## Introduction

Finally it's Friday night, and you want to watch a romantic movie to relax, so you go to Netflix and filter by movie category to browse only the romantic movies. You may be wondering how those movies are classified: is there a standard for a movie to be tagged as romantic movie instead of action movie? Probably not. We know that movies in the same category have some similar features. Can we find the features in romantic movie that can be used to differentiate them from action movies? One simple idea is that romantic movies commonly have kiss scenes while action movies have fight scenes. Although we can't simply define any movie with kiss scene to be romantic movie because they might exist in action movies as well, we may use an algorithm to categorize movies based on the frequencies of kiss scenes and fight scenes. 

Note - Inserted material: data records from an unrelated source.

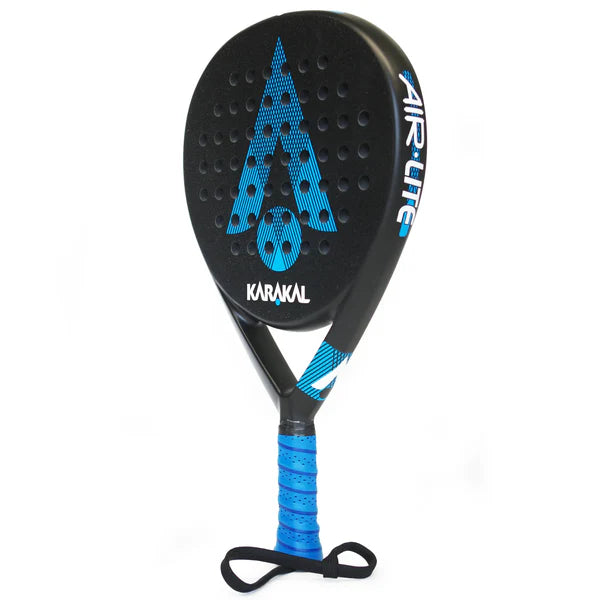 The Karakal Air Lite 345 Padel - Blue by Karakal features a black and blue design with a lightweight graphite frame, perforated face, large A logo, blue grip, and wrist strap, shown upright against a white background.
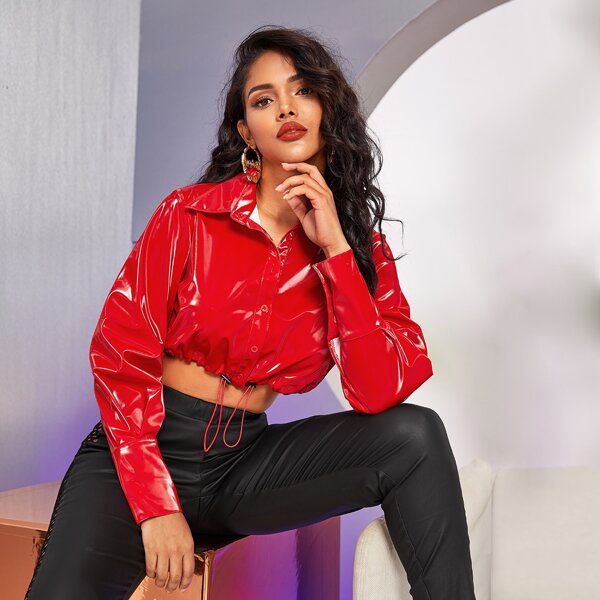 

Drawstring Hem Button Up Crop Faux Patent Jacket, Red bright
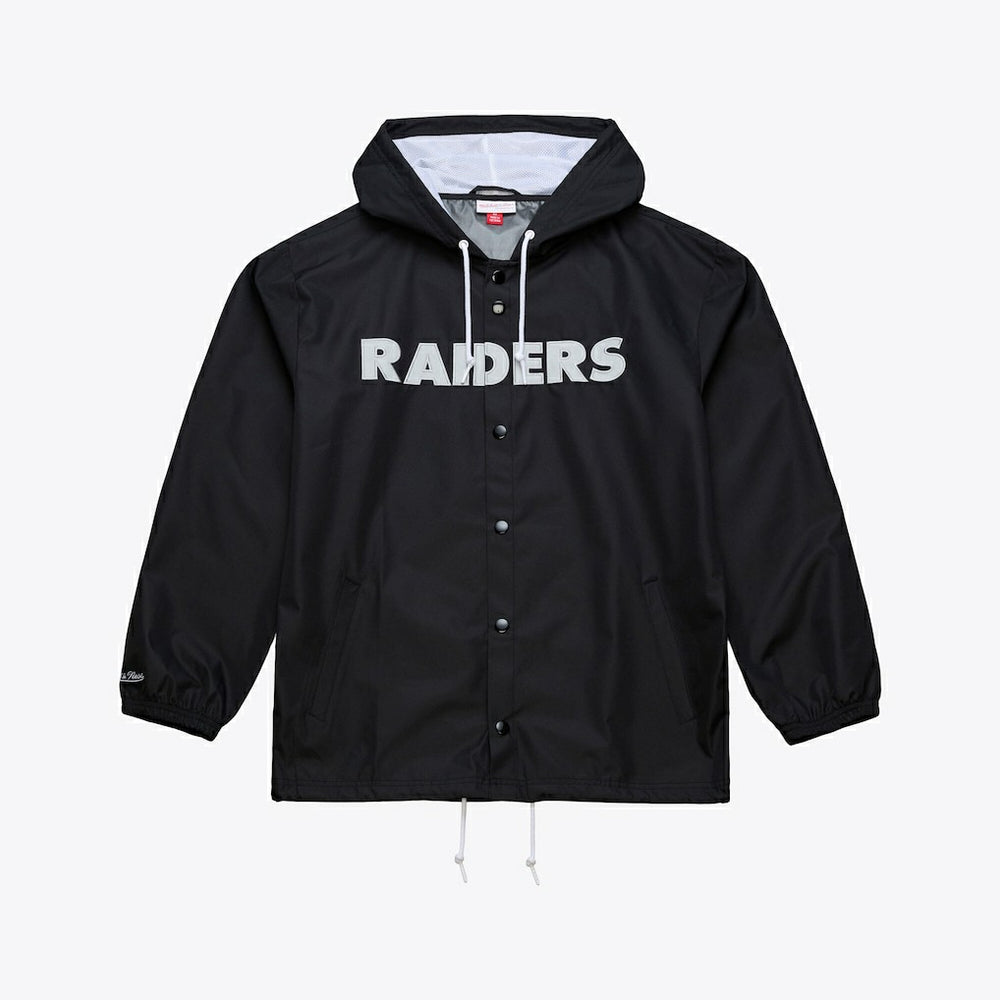 Las Vegas Raiders Coaches Full-Snap Hooded Windbreaker Jacket Black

This tutorial will introduce you to Nearest Neighbor algorithm, particularly K-Nearst Neighbor (KNN) model, which is one of the easiest classification algorithms in machine learning and commonly used for its easy of interpretation and low calculation time. It belongs to the supervised learning domain and finds intense application in pattern recognition, data mining and intrusion detection.

## Tutorial content

In this tutorial, you will learn how the K-Nearst Neighbor algorithm works and how to implement a K-nearest neighbor model of learning. 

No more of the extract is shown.